Your objective: All lines below starting at the one that holds "JSNS-cervical" and ending at the one that holds "Western Blot: MRPL24 Antibody [NBP1-57354]" should be printed exactly, ends included. Pictures should not be printed, nor anything else.

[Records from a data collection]
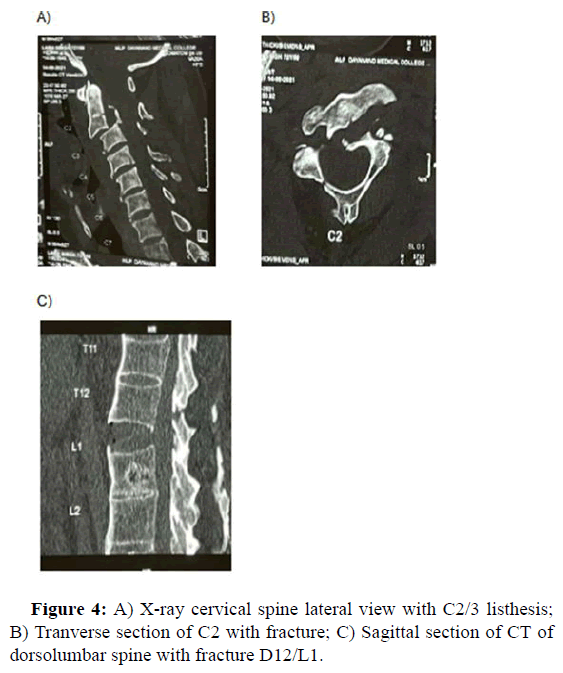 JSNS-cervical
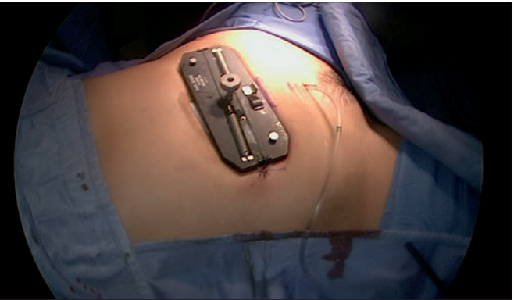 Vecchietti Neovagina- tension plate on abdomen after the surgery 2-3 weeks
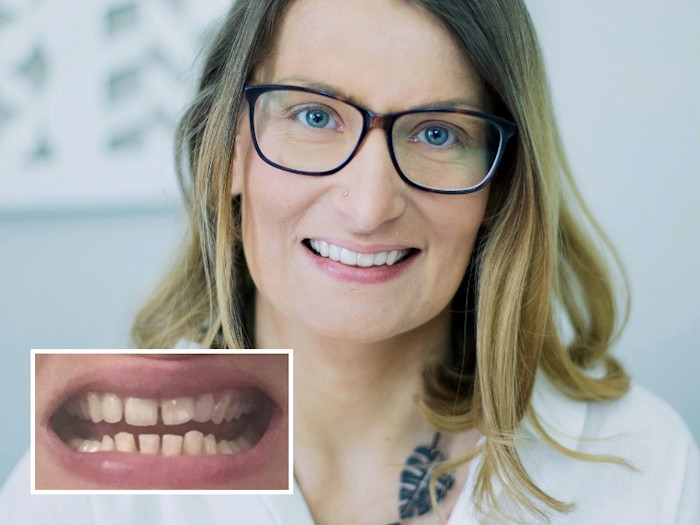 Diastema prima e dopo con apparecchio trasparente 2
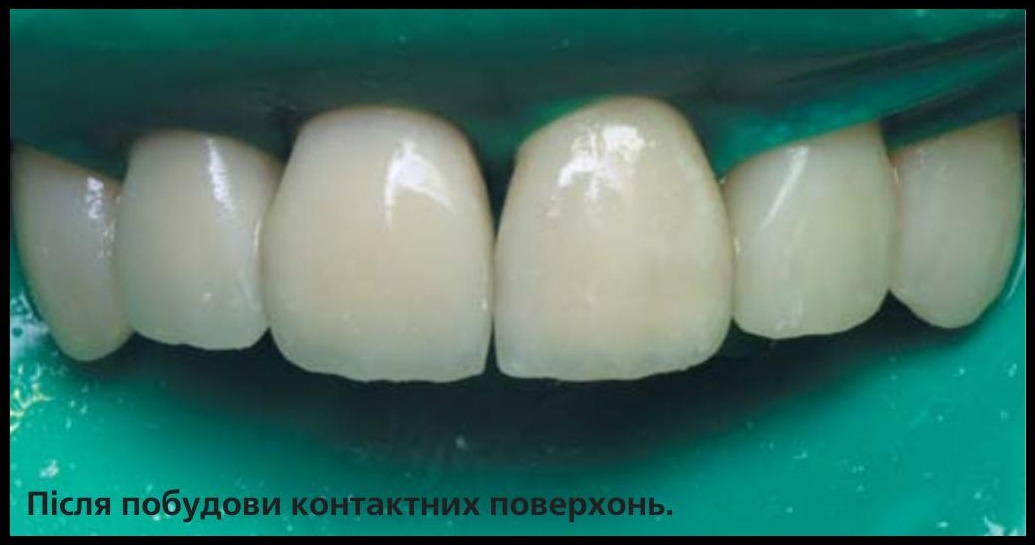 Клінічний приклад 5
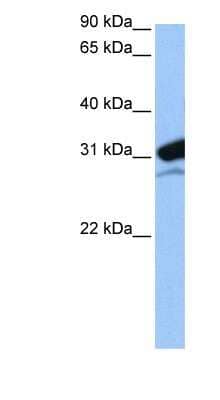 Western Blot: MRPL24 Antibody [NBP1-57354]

...

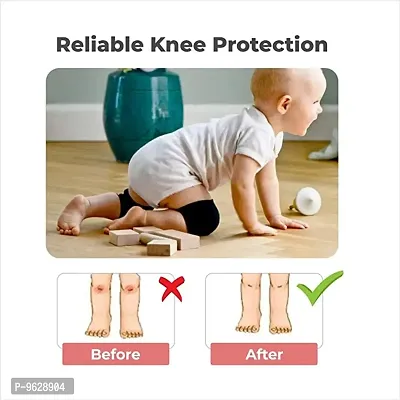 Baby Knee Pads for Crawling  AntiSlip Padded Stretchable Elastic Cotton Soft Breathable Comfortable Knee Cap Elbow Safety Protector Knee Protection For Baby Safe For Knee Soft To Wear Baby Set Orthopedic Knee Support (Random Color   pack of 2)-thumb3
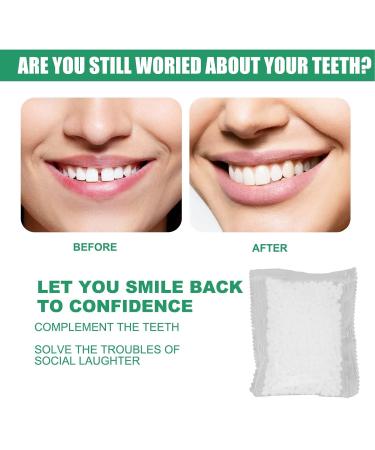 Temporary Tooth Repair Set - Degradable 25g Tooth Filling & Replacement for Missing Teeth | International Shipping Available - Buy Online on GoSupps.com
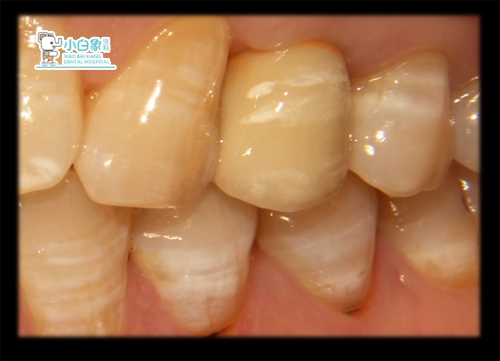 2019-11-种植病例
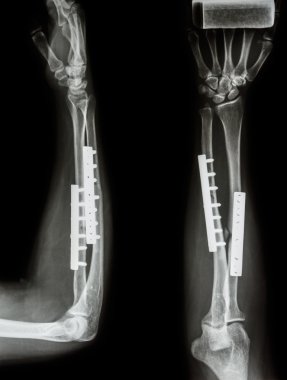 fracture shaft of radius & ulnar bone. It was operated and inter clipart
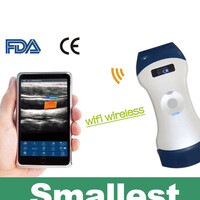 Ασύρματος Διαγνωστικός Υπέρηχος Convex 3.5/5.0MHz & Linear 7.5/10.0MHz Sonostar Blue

Exercise result:
 JSNS-cervical
 Vecchietti Neovagina- tension plate on abdomen after the surgery 2-3 weeks
 Diastema prima e dopo con apparecchio trasparente 2
 Клінічний приклад 5
 Western Blot: MRPL24 Antibody [NBP1-57354]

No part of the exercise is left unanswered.